What did you expect? It’s been years. I’m surprised she isn’t married by now. But Lanny Rankin?
He watched the pickup disappear over the hill, listening until the sound of the engine died away and all he could hear was the wind again.
Yeah, why isn’t she married?
Lanny Rankin had gone after Dana before Hud had even driven out past the city limit sign. He’d had five years. So why weren’t the two of them married?
He felt a glimmer of hope.
Was it possible Dana was dragging her feet because she was still in love with him—not Lanny Rankin?
And why wasn’t she wearing her ring? Maybe she didn’t even have one. Maybe she wasn’t engaged—at least not officially.
Maybe you’re clutching at straws.
Maybe, but his instincts told him that if she was going to marry Lanny, she would have by now.
A half mile down the hillside, he could see Warren’s pickup stop in a cloud of dust. Hud watched Dana get out. She was still beautiful. Still prickly as a porcupine. Still strong and determined. Still wishing him dead.
He couldn’t blame her for that, though.
He had a terrible thought. What if she married Lanny now just out of spite?
And what was this about selling the ranch? The old Dana Cardwell he knew would never put the ranch up for sale. Was she thinking about leaving after it sold? Worse, after she married Lanny?
She disappeared into the ranch house. This place was her heart. She’d always said she would die here and be buried up on the hill with the rest of her mother’s family, the Justices.
He’d loved that about her, her pride in her family’s past, her determination to give that lifestyle to her children—to their children.
Hud felt that gut-deep ache of regret. God, how he hated what he’d done to her. What he’d done to himself. It didn’t help that he’d spent the past five years trying to make sense of it.
Water under the bridge, his old man would have said. But then his old man didn’t have a conscience.

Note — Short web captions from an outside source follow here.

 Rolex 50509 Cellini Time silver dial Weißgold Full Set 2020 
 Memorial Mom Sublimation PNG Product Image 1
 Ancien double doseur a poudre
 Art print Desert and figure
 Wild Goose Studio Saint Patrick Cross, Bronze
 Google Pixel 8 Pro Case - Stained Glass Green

Made life easier that way, Hud thought, cursing at even the thought of Brick Savage. He thought of all the wasted years he’d spent trying to please his father—and the equally wasted years he’d spent hating him.

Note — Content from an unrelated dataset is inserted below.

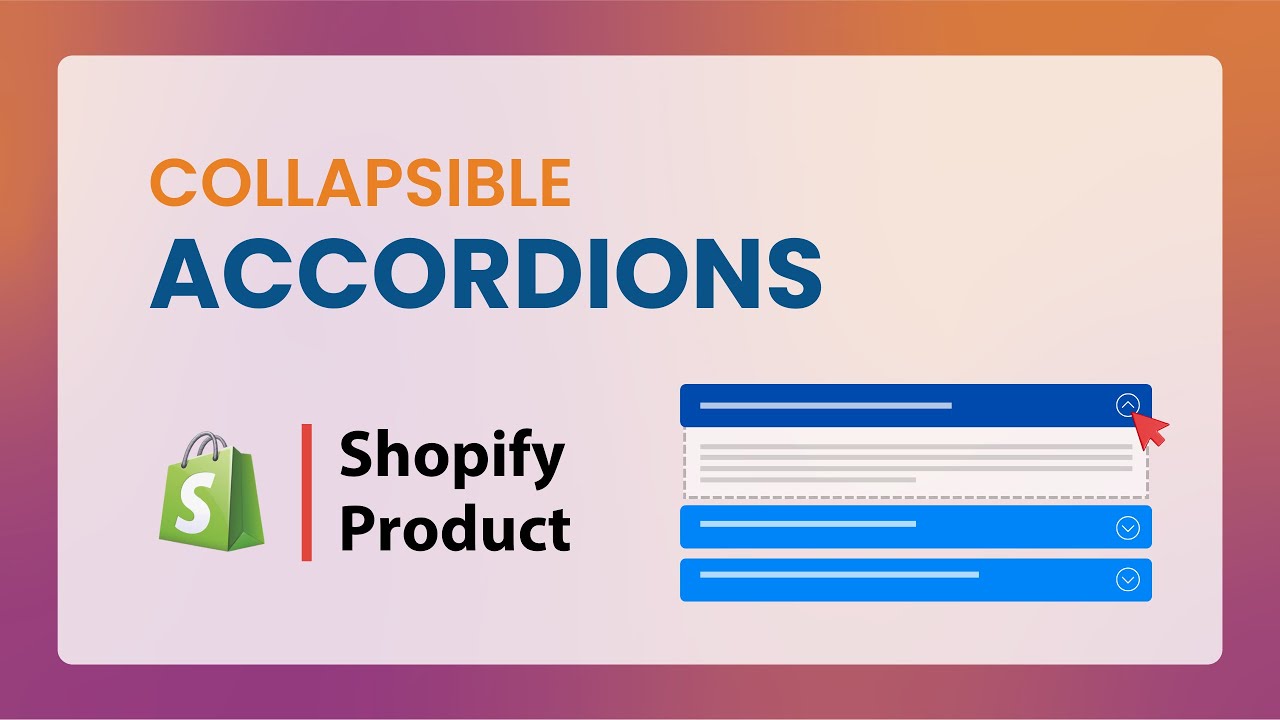 Как добавить складные аккордеоны для описаний товаров Shopify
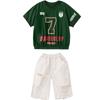 Roupas de Moda Hip-Hop Verão Infantil Rua Americana Meninos Hip-Hop Meninas Frescas Manga Curta Roupas Hiphop Infantis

Hud turned, disgusted with himself, and tried to lose himself in the one thing that gave him any peace, his work.
He put in a call to Coroner Rupert Milligan. While he waited for Rupert, he shot both digital photographs and video of the site, trying not to speculate on the bones in the well or how they had gotten there.
Rupert drove up not thirty minutes later. He was dressed in a suit and tie, which in Montana meant either a funeral or a wedding. “Toastmasters, if you have to know,” he said as he walked past Hud to the well, grabbing the flashlight from Hud’s hand on his way.
Rupert Milligan was older than God and more powerful in this county.